When Banks talked about the public—meaning the
American people, the citizens of the United States—he referred to them as an
“it.”

He was beginning to see why Hollingshead hated this
man.

THE PENTAGON:
APRIL 12, T+5:35

“You'll need to leave immediately,” Banks
told him. “You're going to have to work damned fast if you're going to catch
them. We'll do everything in our power to help you—everything that doesn't
damage national security.”

“I know we're asking a very great deal of you,
son,” Hollingshead said. “I wish I could give you opportunity to volunteer for
this mission. I wish I could let you turn it down. Tell me, Captain, what are
your thoughts right now?”

“Permission to speak candidly, sir?”

Hollingshead came over and put a hand on his
shoulder. “Permission to swear a blue streak if you like. Permission to call us
every foul name you can think of. Just be honest and tell me what you're
thinking.”

“I think you called in the wrong man,” Chapel told
them.

Banks and Hollingshead both stared at Chapel in
shock.

From behind him, he heard Laughing Boy let out a
little chuckle, which was cut off quite abruptly as if he were trying to
suppress it.

Chapel could hardly believe he'd said it himself.
For ten years he'd been slowly dying in a desk job he hated. Doing basic police
work when he'd been trained to be out in the field, making a real difference.
How many times had he dreamed of a moment like this, of being called back to
active duty? Because it would have meant he was whole again. Not just
three-quarters of a human being, but a vital man of action.

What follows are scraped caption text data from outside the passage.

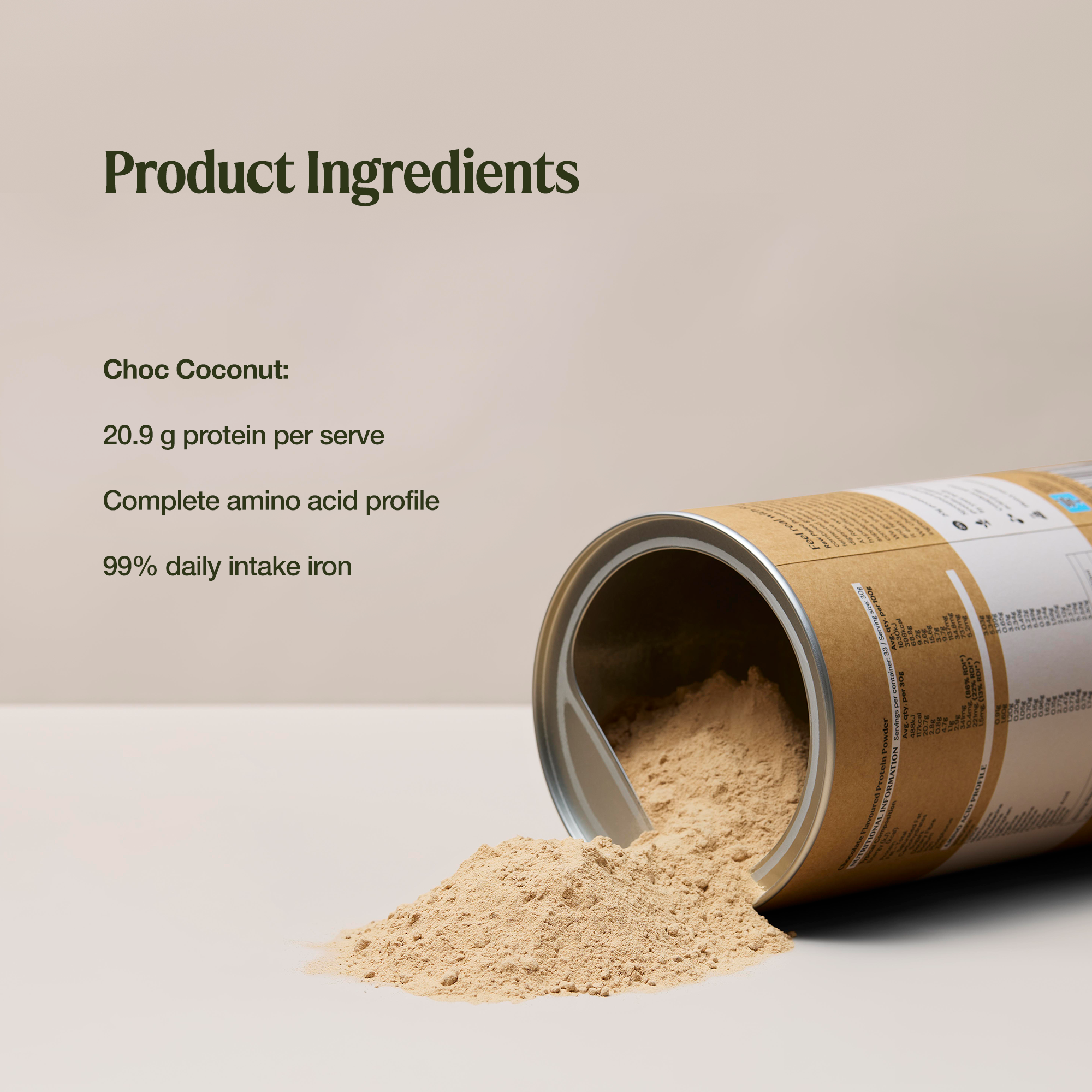 Isolate Protein Choc Coconut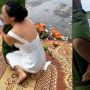 VIRAL Utang Tak Kunjung Dibayar, Wanita Bakar Sesajen di Depan Rumah Si Peminjam Uang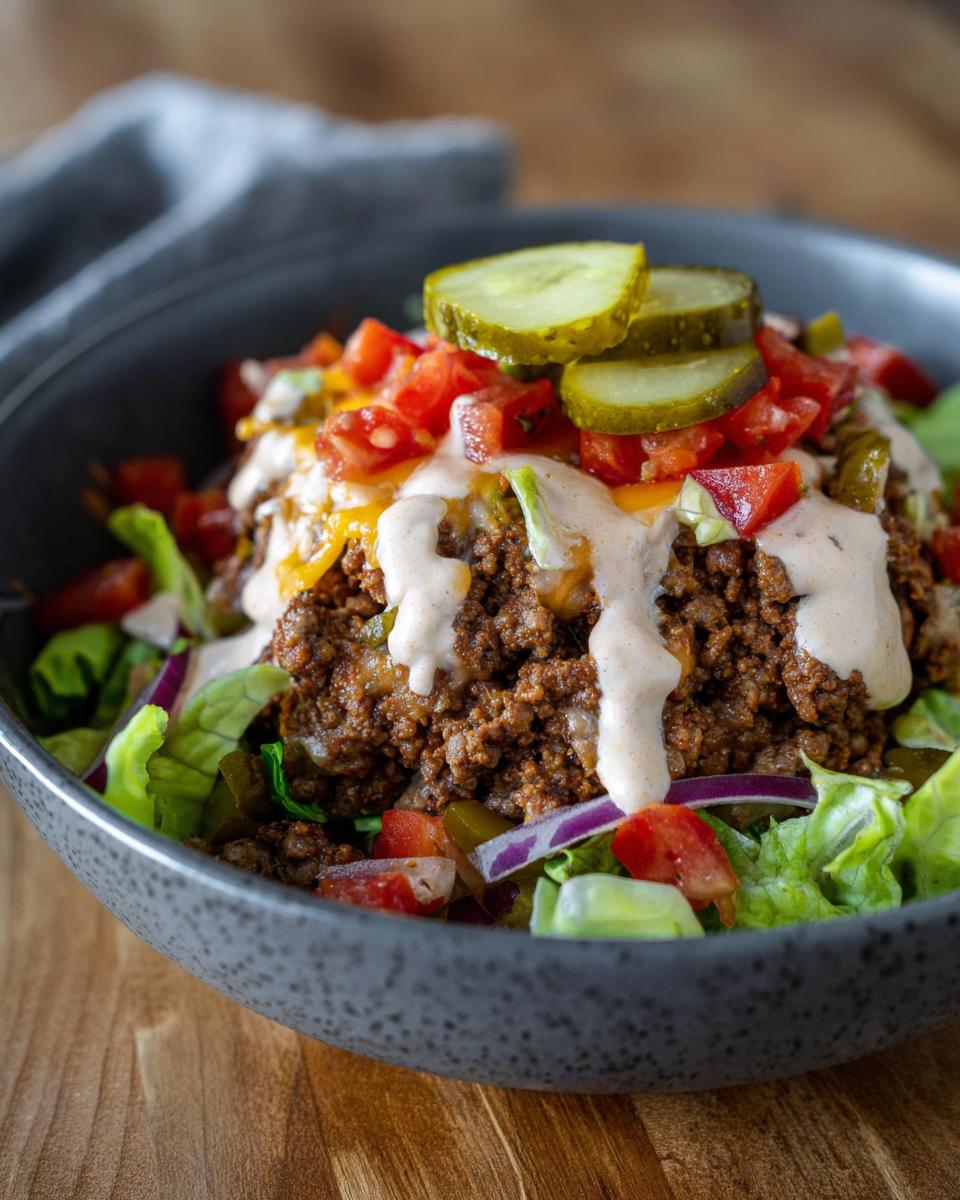 High-Protein Cheeseburger Bowls Recipe - Other 2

But part of what made him want that, part of why he
could even hope for it, was his desire to do the
right
thing. The thing that made sense not just for him but for the
country he served. And there must have been a serious miscalculation somewhere
here.

He shook his head. “This isn't a matter for
Military Intelligence. You have four men out there, loose in America, who sound
as much like serial killers as anything else. That's the jurisdiction of the
FBI, the last time I checked. If they were detainees under extraordinary
rendition—even then—at most you should be working with the U.S. Marshals
Service. They're the ones who track down escaped fugitives.”

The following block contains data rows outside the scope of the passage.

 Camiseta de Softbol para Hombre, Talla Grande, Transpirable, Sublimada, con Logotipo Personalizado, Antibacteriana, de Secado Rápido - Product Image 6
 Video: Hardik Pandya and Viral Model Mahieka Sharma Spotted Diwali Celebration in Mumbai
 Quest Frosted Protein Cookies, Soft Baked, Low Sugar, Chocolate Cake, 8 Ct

“I don't have time for this shit,” Banks said.

“Sir, with all due respect—I'm the one running out
of time,” Chapel told him. “There's one other thing I have to say, though. One
thing I need to make clear. You have the wrong man because
I am not a hit man
. I don't kill people for money.”

“You know how to use a gun, don't you?” Banks
demanded.

“The army taught me that, yes,” Chapel agreed. “But
I know you're a civilian, sir, and you may be operating under a common
misconception about soldiers. We aren't in the business of killing random
people. The mission of the armed forces is to extend U.S. policy through force
only when necessary, and to use other means whenever it is humanly
possible.”

Hollingshead nodded slowly. He was a military man,
Chapel was sure of it, so he already knew this.

“So when I find these men, I'm going to do
everything in my power to bring them in alive. Or at least capture them in the
safest way possible.”

“Then you're a fool,” Banks told him.

Hollingshead clapped his hands together in obvious
excitement. “Then you will do it? You'll get them back for us?”

“Sir,” Chapel said, standing at attention, “I do
not remember being asked for my acceptance of this mission, sir. I remember
being asked for my opinion.”

“What the fuck ever,” Banks said, rising from his
chair and frowning in anger. “I asked for a killer and you brought me a
goddamned Eagle Scout.”

It was, in its way, the nicest thing Banks had said
about Chapel yet. He knew he wasn't going to get anything better.